After this, no one will be able to say they didn't know. This is a critical moment in history. Every hour counts. Young people are watching and they will hold us accountable.

This week’s collaboration will vet the first assessment of global biodiversity in almost 15 years. A summary for policymakers outlining the crisis facing nature will be submitted to more than 130 countries on 6 May. Until then, its contents remain tightly under wraps.

What we do know is that this review – three years in the making – was put together by 150 international experts from the natural and social sciences, drawing on contributions from hundreds of others.

Scientists working alongside policymakers

The scientists won’t be telling governments what to do as such. Instead they’ll likely be drawing attention to the drivers of change and discussing the implications of various policy choices.

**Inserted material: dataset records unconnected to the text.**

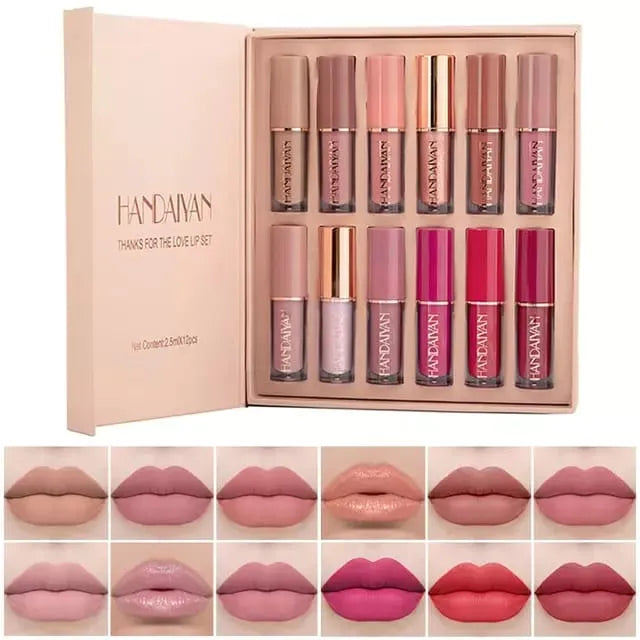 HANDAIYAN 12 Color Matte Liquid Lipstick - Labios a Prueba de agua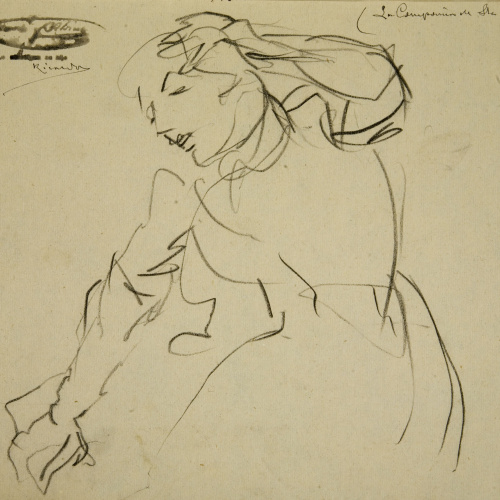 image for: Ramon Martí i Alsina - Estudi de dona per al quadre &quot;La companyia de Santa Bàrbara&quot; - Cap a 1891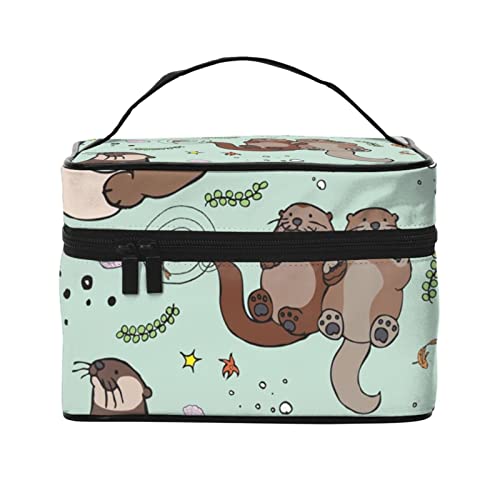 ASEELO Otters Make-up-Tasche Make-up-Taschen für Frauen Reise Kosmetiktasche Tragbare Kosmetiktasche Damen Alltagsbedarf Aufbewahrungstasche, Schwarz, Einheitsgröße von ASEELO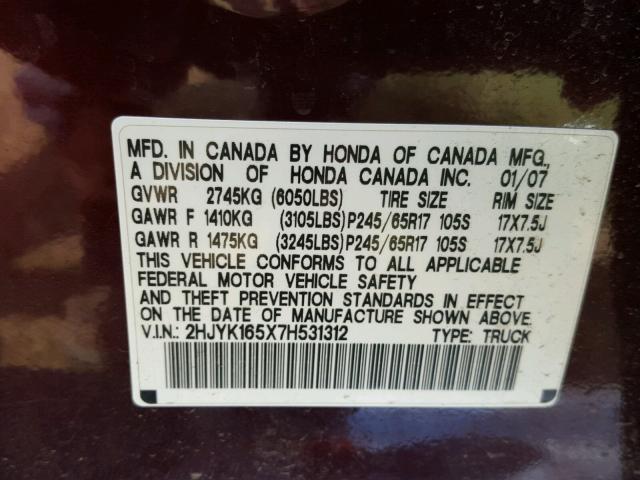 2HJYK165X7H531312 - 2007 HONDA RIDGELINE MAROON photo 10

The IPBES report will offer clarity on where the world stands in relation to the UN Sustainable Development Goals, the Aichi Biodiversity Targets and the Paris climate agreement.

“If governments want to achieve the sustainable development goals, urgent action is needed to limit human-induced climate change and the loss of biodiversity,” Watson said. “Addressing the loss of biodiversity can only be achieved by rapid and transformative actions everywhere in the world.”

IPBES was set up in 2012 with the aim of publishing science for policymakers in the same way the UN’s climate science panel, the Intergovernmental Panel for Climate Change (IPCC), has been doing.

Watson, a former chair of the IPCC, stressed that the issues of climate change and loss of biodiversity are linked and need to be tackled together. The global assessment, he promised, would “empower everybody” to act using informed evidence.

A main architect of the Paris agreement, Laurence Tubiana, CEO of the Europe Climate Foundation says a recent report by the IPCC shows to what extent climate change threatens biodiversity. "And the upcoming IPBES report – as important for humanity – will show these two problems have overlapping solutions."

After this week, no one will be able to say they didn’t know about the biodiversity crisis, Unesco’s director general, Audrey Azoulay, said in a speech on Monday. “This is a critical moment in history. Every hour counts. Young people are watching and they will hold us accountable.”